Task statement ->
Starting at the first line of the data below, repeat each line word for word up to and including the line with "Velmesta Elevation Wedge Pillow".

Source data ->
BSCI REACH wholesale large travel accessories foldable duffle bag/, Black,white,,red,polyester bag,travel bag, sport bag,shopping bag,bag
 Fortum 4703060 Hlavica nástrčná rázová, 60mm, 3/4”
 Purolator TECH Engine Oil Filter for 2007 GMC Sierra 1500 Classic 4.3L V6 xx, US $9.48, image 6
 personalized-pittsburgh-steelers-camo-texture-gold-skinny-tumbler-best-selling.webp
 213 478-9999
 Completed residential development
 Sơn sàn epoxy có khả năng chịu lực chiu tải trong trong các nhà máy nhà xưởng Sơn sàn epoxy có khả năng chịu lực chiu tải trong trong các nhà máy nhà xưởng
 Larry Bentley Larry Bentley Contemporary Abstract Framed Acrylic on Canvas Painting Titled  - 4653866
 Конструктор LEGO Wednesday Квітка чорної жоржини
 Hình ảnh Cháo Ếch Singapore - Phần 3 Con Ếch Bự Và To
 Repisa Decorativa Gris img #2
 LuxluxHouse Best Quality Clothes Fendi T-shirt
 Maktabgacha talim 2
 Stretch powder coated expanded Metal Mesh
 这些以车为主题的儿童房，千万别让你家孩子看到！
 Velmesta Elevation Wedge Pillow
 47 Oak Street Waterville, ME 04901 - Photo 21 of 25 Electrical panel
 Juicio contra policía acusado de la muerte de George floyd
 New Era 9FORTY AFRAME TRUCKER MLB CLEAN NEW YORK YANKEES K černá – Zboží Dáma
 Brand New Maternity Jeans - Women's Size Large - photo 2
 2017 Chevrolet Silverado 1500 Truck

Exercise answer ->
BSCI REACH wholesale large travel accessories foldable duffle bag/, Black,white,,red,polyester bag,travel bag, sport bag,shopping bag,bag
 Fortum 4703060 Hlavica nástrčná rázová, 60mm, 3/4”
 Purolator TECH Engine Oil Filter for 2007 GMC Sierra 1500 Classic 4.3L V6 xx, US $9.48, image 6
 personalized-pittsburgh-steelers-camo-texture-gold-skinny-tumbler-best-selling.webp
 213 478-9999
 Completed residential development
 Sơn sàn epoxy có khả năng chịu lực chiu tải trong trong các nhà máy nhà xưởng Sơn sàn epoxy có khả năng chịu lực chiu tải trong trong các nhà máy nhà xưởng
 Larry Bentley Larry Bentley Contemporary Abstract Framed Acrylic on Canvas Painting Titled  - 4653866
 Конструктор LEGO Wednesday Квітка чорної жоржини
 Hình ảnh Cháo Ếch Singapore - Phần 3 Con Ếch Bự Và To
 Repisa Decorativa Gris img #2
 LuxluxHouse Best Quality Clothes Fendi T-shirt
 Maktabgacha talim 2
 Stretch powder coated expanded Metal Mesh
 这些以车为主题的儿童房，千万别让你家孩子看到！
 Velmesta Elevation Wedge Pillow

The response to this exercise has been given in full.